Directions ->
Print the whole listing, keeping every line exactly as given.
* * * * * * * * *
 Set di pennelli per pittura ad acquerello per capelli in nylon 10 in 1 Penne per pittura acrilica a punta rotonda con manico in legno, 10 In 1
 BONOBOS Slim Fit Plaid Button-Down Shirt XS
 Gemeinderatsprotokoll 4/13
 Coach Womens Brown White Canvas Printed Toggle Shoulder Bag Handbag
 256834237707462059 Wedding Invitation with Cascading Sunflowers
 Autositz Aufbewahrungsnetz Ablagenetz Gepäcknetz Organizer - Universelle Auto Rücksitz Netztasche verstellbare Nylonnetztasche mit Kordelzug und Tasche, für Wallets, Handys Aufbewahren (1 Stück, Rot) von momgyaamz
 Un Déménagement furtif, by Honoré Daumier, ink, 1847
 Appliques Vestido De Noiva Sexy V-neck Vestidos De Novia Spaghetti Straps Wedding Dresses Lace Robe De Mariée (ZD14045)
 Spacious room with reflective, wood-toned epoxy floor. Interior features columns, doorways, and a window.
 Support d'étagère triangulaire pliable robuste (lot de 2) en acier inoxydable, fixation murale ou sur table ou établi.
* * * * * * * * *
Answer to this problem ->
 Set di pennelli per pittura ad acquerello per capelli in nylon 10 in 1 Penne per pittura acrilica a punta rotonda con manico in legno, 10 In 1
 BONOBOS Slim Fit Plaid Button-Down Shirt XS
 Gemeinderatsprotokoll 4/13
 Coach Womens Brown White Canvas Printed Toggle Shoulder Bag Handbag
 256834237707462059 Wedding Invitation with Cascading Sunflowers
 Autositz Aufbewahrungsnetz Ablagenetz Gepäcknetz Organizer - Universelle Auto Rücksitz Netztasche verstellbare Nylonnetztasche mit Kordelzug und Tasche, für Wallets, Handys Aufbewahren (1 Stück, Rot) von momgyaamz
 Un Déménagement furtif, by Honoré Daumier, ink, 1847
 Appliques Vestido De Noiva Sexy V-neck Vestidos De Novia Spaghetti Straps Wedding Dresses Lace Robe De Mariée (ZD14045)
 Spacious room with reflective, wood-toned epoxy floor. Interior features columns, doorways, and a window.
 Support d'étagère triangulaire pliable robuste (lot de 2) en acier inoxydable, fixation murale ou sur table ou établi.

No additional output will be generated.